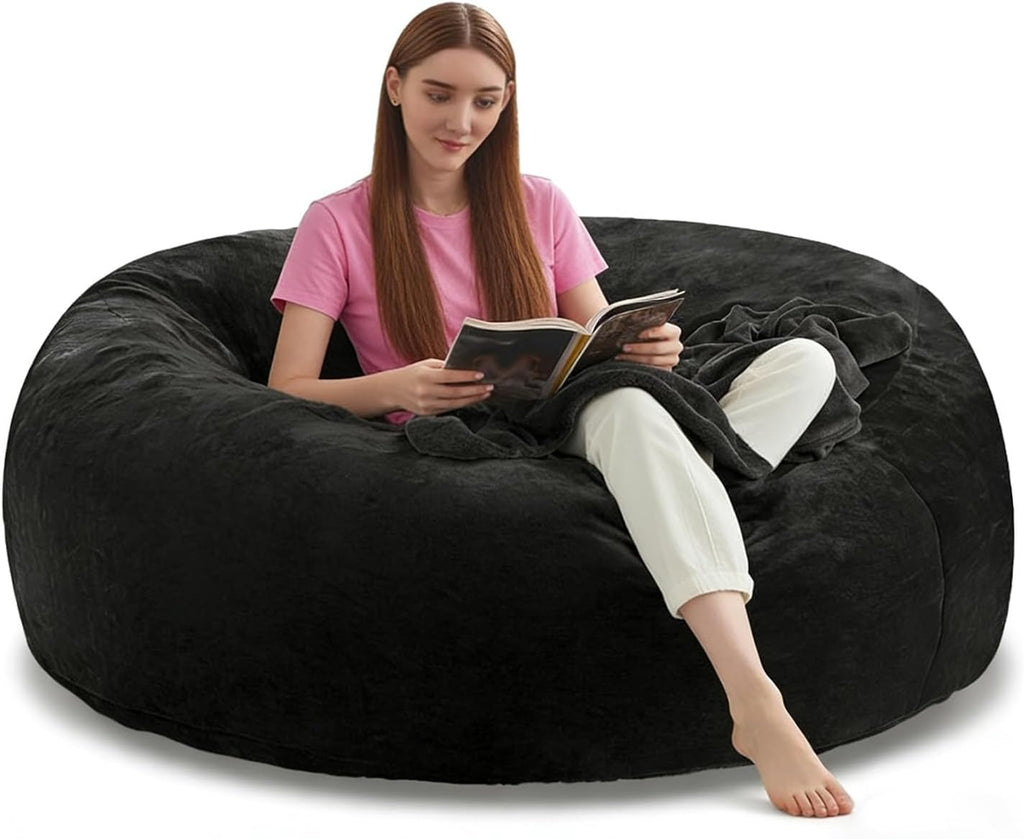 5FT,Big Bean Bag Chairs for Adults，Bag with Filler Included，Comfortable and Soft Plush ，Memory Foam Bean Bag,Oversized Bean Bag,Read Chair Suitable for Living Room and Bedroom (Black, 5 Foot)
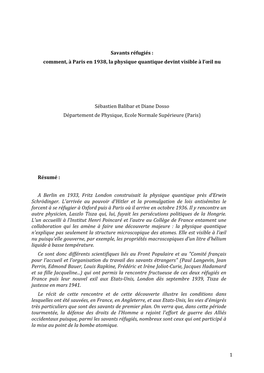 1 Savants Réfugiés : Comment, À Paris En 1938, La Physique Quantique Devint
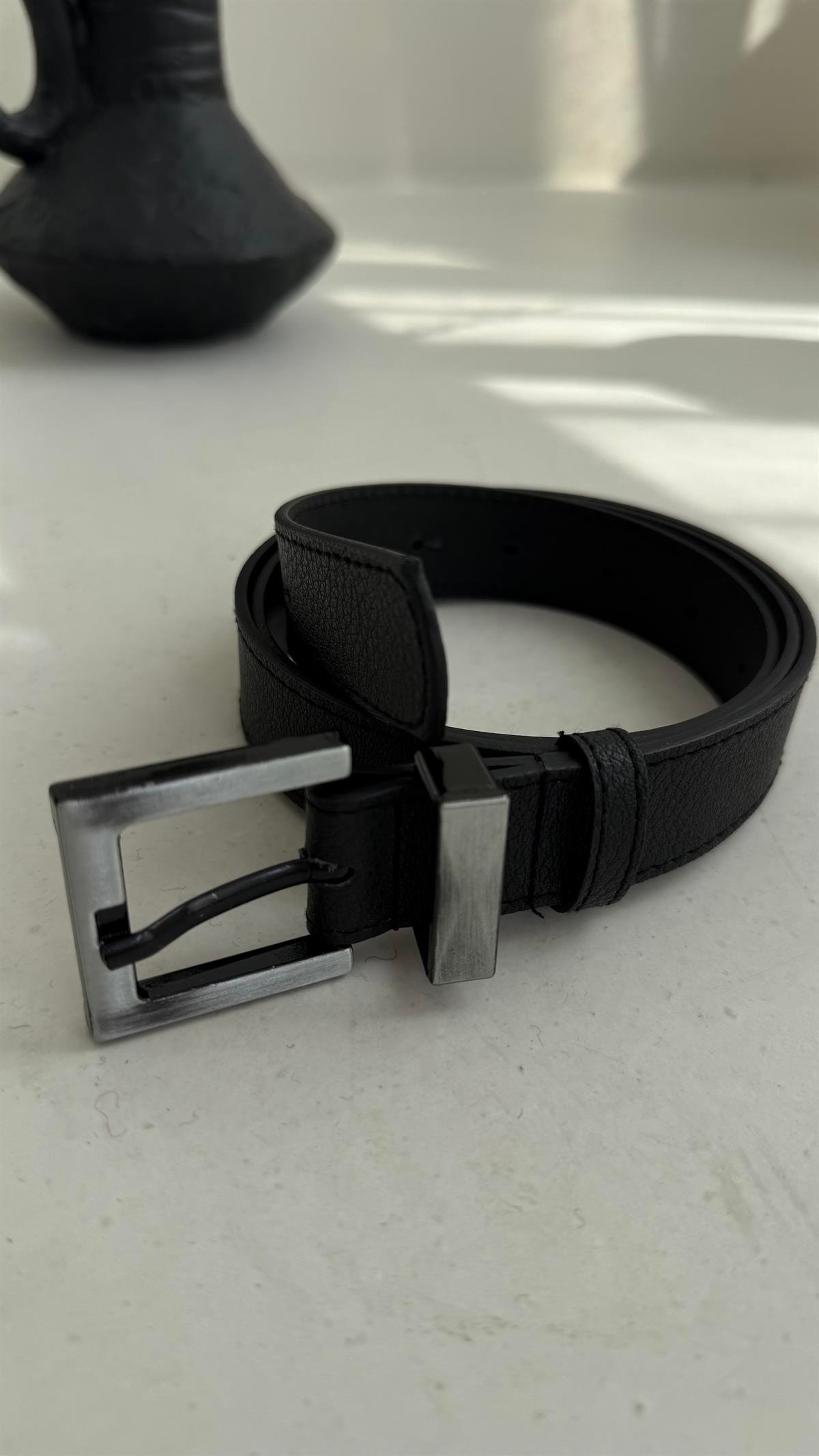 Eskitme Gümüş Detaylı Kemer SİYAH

========================================================================

- Work item -
Transcribe all of the material exactly and leave out its pictures.

- Task output -
 5FT,Big Bean Bag Chairs for Adults，Bag with Filler Included，Comfortable and Soft Plush ，Memory Foam Bean Bag,Oversized Bean Bag,Read Chair Suitable for Living Room and Bedroom (Black, 5 Foot)
 1 Savants Réfugiés : Comment, À Paris En 1938, La Physique Quantique Devint
 Eskitme Gümüş Detaylı Kemer SİYAH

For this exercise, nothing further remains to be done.